Если сайты x удовлетворить условиям Шёнберга-Уитни
тогда имеется уникальный сплайн заданного порядка и узловой последовательности, удовлетворяющий (*) точно. Сплайн не возвращается, если (* *) не удовлетворяется для некоторой подпоследовательности x.
spap2(, с l,k,x,y) l положительное целое число, возвращает B-форму аппроксиманта сплайна наименьших квадратов, но с выбранной для вас последовательностью узлов. Последовательность узлов получают нанесением aptknt к соответствующей подпоследовательности x. Полученный кусочно-многочлен состоит из l полиномиальные части и имеет k-2 непрерывные производные. Если вы чувствуете, что другое распределение внутренних узлов может сделать лучшую работу, следите за этим с
sp1 = spap2(newknt(spline),k,x,y));
позволяет указать веса spline = spap2(...,x,y,w) w в измерении ошибки (приведенном выше). w должен быть вектором того же размера, что и x, с неотрицательными записями. Все веса, соответствующие точкам данных с одним и тем же сайтом, суммируются, когда эти точки данных заменяются их средним значением.
spap2({knorl1,...,knorlm},k,{x1,...,xm},y) обеспечивает аппроксимацию сплайна методом наименьших квадратов для данных с сеткой. Здесь, каждый knorli является либо узловой последовательностью, либо положительным целым числом. Далее, k должно быть m-вектор, и y должен быть (r+m) -мерный массив, сy(:,i1,...,im) опорный элемент, устанавливаемый на site
[x{1}(i1),...,x{m}(im)], все i1, ..., im. Однако если сплайн должен быть скалярным, то, в отличие от одномерного случая, y разрешено быть m-мерный массив, в этом случае y(i1,...,im) - опорный элемент, устанавливаемый на site
[x{1}(i1),...,x{m}(im)], все i1, ..., im.
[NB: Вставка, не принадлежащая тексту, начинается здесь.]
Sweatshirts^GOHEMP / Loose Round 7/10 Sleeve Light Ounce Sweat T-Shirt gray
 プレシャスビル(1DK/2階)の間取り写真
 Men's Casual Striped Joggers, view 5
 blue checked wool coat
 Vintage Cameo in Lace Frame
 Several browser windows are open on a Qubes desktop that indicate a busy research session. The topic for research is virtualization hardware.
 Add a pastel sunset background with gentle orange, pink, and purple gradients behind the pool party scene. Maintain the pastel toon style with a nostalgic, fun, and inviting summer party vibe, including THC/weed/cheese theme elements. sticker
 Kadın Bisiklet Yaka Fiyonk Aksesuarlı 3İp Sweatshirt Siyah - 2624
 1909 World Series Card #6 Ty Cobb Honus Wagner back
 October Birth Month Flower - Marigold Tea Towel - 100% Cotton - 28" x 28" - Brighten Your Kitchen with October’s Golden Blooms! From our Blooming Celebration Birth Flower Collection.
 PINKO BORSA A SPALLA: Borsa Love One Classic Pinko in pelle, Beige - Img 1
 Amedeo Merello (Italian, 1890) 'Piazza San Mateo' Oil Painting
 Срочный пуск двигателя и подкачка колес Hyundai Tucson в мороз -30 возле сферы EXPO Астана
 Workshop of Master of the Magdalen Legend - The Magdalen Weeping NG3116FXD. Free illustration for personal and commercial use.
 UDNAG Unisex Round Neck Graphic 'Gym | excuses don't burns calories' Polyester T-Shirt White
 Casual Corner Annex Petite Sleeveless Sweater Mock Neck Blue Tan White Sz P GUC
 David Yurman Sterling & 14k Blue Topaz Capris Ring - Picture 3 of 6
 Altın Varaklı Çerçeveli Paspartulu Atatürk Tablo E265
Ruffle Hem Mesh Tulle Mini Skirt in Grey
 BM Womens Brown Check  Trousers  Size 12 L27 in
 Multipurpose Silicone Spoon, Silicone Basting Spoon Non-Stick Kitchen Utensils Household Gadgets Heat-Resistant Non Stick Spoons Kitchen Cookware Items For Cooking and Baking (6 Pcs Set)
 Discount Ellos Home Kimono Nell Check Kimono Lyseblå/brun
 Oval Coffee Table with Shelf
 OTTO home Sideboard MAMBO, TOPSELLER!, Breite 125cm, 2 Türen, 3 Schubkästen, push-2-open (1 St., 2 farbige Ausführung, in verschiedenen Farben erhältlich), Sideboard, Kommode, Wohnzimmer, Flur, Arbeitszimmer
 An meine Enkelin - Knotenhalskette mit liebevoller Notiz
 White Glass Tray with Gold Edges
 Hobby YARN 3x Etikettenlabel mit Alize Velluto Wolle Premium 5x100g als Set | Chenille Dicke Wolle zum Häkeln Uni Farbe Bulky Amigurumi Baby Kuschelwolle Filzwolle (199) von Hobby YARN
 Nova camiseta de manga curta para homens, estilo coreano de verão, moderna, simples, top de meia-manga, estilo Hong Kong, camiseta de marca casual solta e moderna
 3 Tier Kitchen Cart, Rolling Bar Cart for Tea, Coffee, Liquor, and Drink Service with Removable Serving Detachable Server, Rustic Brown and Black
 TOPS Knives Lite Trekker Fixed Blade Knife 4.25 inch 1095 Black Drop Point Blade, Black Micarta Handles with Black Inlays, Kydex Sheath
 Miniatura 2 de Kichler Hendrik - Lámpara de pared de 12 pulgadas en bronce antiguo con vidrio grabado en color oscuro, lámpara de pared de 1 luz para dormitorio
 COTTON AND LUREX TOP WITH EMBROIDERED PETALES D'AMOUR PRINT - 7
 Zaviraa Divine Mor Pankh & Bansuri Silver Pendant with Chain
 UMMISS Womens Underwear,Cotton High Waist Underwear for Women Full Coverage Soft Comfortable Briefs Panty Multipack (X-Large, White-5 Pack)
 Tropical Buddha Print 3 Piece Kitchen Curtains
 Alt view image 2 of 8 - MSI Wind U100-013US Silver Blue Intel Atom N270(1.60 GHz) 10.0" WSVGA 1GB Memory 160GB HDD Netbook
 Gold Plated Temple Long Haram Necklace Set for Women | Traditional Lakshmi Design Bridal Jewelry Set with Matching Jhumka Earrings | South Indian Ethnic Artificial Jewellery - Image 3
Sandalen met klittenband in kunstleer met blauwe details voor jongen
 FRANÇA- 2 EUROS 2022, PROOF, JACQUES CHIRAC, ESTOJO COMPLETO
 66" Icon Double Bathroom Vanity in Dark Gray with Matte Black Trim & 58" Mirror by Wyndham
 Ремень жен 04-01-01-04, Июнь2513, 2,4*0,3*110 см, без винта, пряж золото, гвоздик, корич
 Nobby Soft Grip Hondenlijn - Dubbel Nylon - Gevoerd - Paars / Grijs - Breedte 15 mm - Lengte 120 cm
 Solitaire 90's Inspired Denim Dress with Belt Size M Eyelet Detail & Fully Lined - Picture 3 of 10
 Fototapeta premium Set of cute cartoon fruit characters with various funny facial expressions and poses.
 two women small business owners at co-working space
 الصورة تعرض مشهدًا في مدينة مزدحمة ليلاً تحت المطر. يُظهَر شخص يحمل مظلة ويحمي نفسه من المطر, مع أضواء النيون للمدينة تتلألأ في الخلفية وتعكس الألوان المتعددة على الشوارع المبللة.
spap2({knorl1,...,knorlm},k,{x1,...,xm},y,w) также позволяет указать веса. В этом m-вариативный случай, w должен быть массивом ячеек с m записи, с w{i} неотрицательный вектор того же размера, что и xi, или иначе w{i} должен быть пустым, в этом случае веса по умолчанию используются в i-я переменная.
spcol вызывается для обеспечения почти блок-диагональной матрицы коллокации (Bj, k (xi)), иslvblk решает линейную систему (*) в (взвешенном) смысле наименьших квадратов, используя блок QR-факторизации.
Привязанные к сетке данные устанавливаются по одной переменной за раз, используя тот факт, что одномерное взвешенное соответствие наименьшим квадратам линейно зависит от устанавливаемых значений.